As men of research in positive science they are magnificently laborious and accurate. But most of them have no notion of style, and seem to compose their books with a pitchfork.

There are two very different questions which people fail to discriminate. One is whether evolution accounts for morality, the other whether the principle of evolution in general can be adopted as an ethical principle.

The first, of course, I advocate, and have constantly insisted upon. The second I deny, and reject all so-called evolutional ethics based upon it.–I am yours faithfully,

T. H. Huxley.

June 21, 1894

Hodeslea, Eastbourne

[To Secretary, Arbitration Alliance]

Dear Sir–I have taken some time to consider the memorial to which you have called my attention, and I regret that I do not find myself able to sign it.
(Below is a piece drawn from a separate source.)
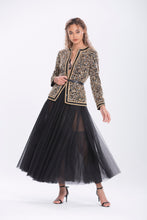 Load image into Gallery viewer, Look 49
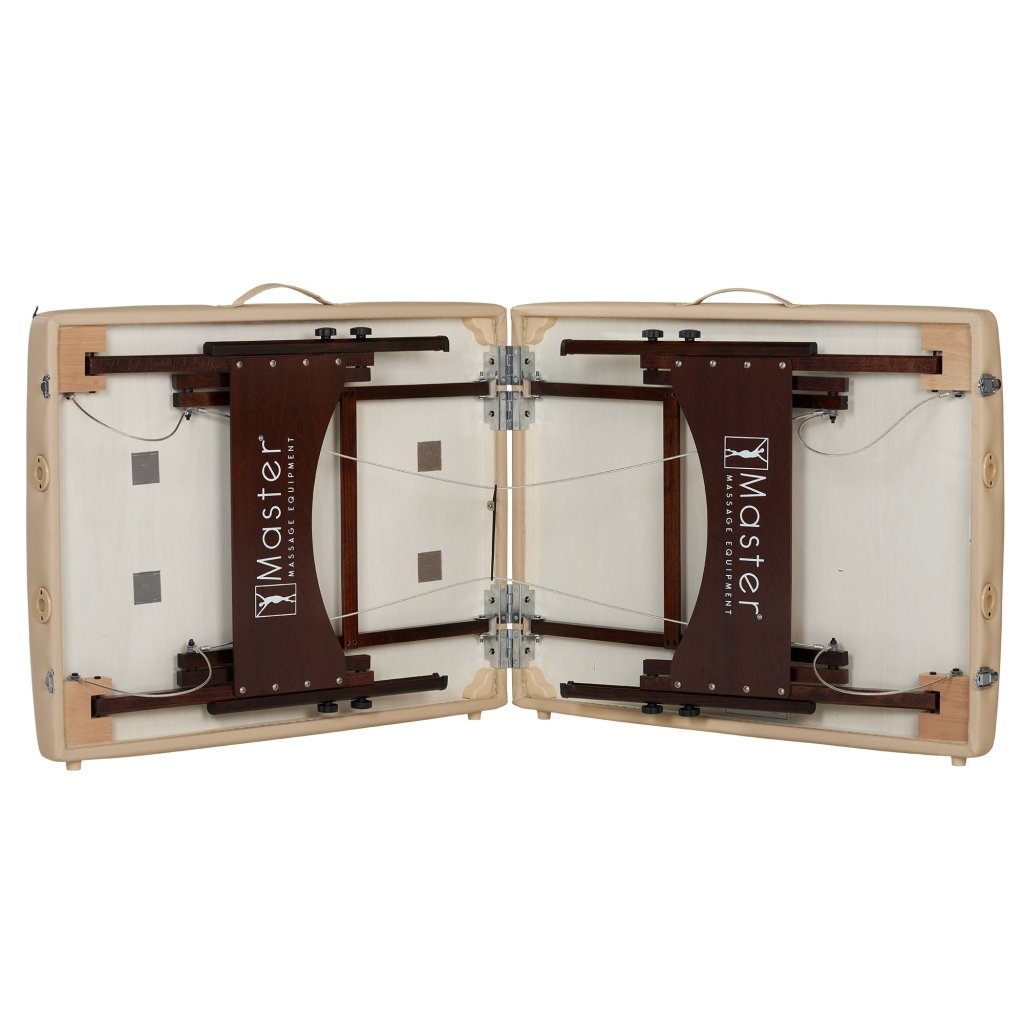 Portable Massage Table 28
Not that I have the slightest doubt about the magnitude of the evils which accrue from the steady increase of European armaments; but because I think that this regrettable fact is merely the superficial expression of social forces, the operation of which cannot be sensibly affected by agreements between Governments.
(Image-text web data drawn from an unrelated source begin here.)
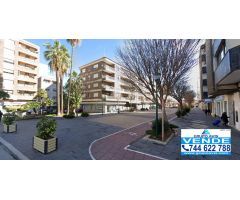 Local comercial en Gandia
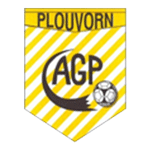 Plouvorn Takım Logosu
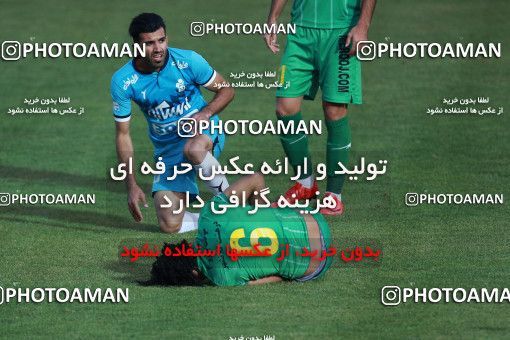 935221, Tehran,Shahr Qods, [*parameter:4*], لیگ برتر فوتبال ایران، Persian Gulf Cup، Week 12، First Leg، Paykan 1 v 1 Sanat Naft Abadan on 2017/11/15 at Shahr-e Qods Stadium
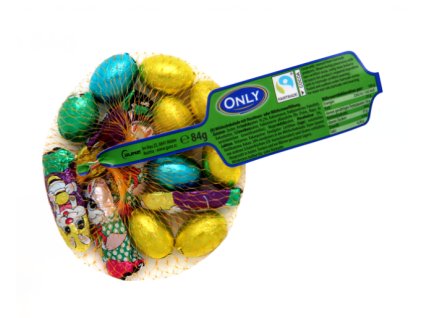 Snímek obrazovky 2025 02 13 130212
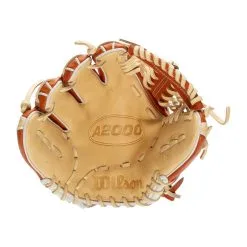 Wilson A2000 1789 11.5" Baseball Glove -Baseball Gloves Shop 6f81 10 21 wilson a2000 1789 11 5 baseball glove wbw100085115 33597 13 l
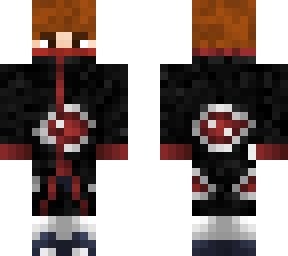 akatsuki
In my opinion it is a delusion to attribute the growth of armaments to the "exactions of militarism." The "exactions of industrialism," generated by international commercial competition, may, I believe, claim a much larger share in prompting that growth. Add to this the French thirst for revenge, the most just determination of the German and Italian peoples to assert their national unity; the Russian Panslavonic fanaticism and desire for free access to the western seas; the Papacy steadily fishing in the troubled waters for the means of recovering its lost (I hope for ever lost) temporal possessions and spiritual supremacy; the "sick man," kept alive only because each of his doctors is afraid of the other becoming his heir.
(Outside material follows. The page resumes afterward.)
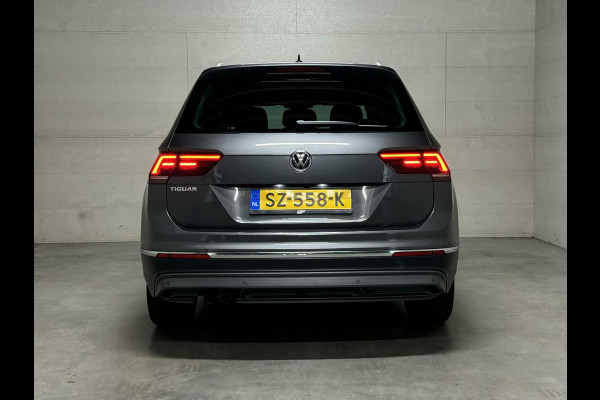 Volkswagen Tiguan 1.4 TSI ACT Highline Virtual HUD Trekh. NAP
When I think of the intensity of the perturbing agencies which arise out of these and other conditions of modern European society, I confess that the attempt to counteract them by asking Governments to agree to a maximum military expenditure, does not appear to me to be worth making; indeed I think it might do harm by leading people to suppose that the desires of Governments are the chief agents in determining whether peace or war shall obtain in Europe.–I am, yours faithfully,

T. H. Huxley.

August 12, 1894

The Spa, Tunbridge Wells

My dear Hooker–I wish, as everybody wished, you had been with us on Wednesday evening at Oxford when we settled accounts for 1860, and got a receipt in full from the Chancellor of the University, President of the Association, and representative of ecclesiastical conservatism and orthodoxy.

I was officially asked to second the vote of thanks for the address, and got a copy of it the night before–luckily–for it was a kittle business...

It was very queer to sit there and hear the doctrines you and I were damned for advocating thirty-four years ago at Oxford, enunciated as matters of course–disputed by no reasonable man!–in the Sheldonian Theatre by the Chancellor. . . .

Of course there is not much left of me, and it will take a fortnight's quiet at Eastbourne (whither we return on Tuesday next) to get right. But it was a pleasant last flare-up in the socket!

With our love to you both.–Ever yours affectionately,

T. H. Huxley.

August 18, 1894

Hodeslea

]To George Douglas Campbell, Duke of Argyll]

My dear Campbell–I am setting you a good example. You and I are really too old friends to go on wasting ink in honorary prefixes.

I had a very difficult task at Oxford. The old Adam, of course, prompted the tearing of the address to pieces, which would have been a very easy job, especially the latter half of it. But as that procedure would not have harmonised well with the function of a seconder of a vote of thanks, and as, moreover, Lord S. was very just and good in his expressions about Darwin, I had to convey criticism in the shape of praise.

It was very curious to me to sit there and hear the Chancellor of the University accept, as a matter of course, the doctrines for which the Bishop of Oxford coarsely anathematised us thirty-four years earlier. E pur si muove!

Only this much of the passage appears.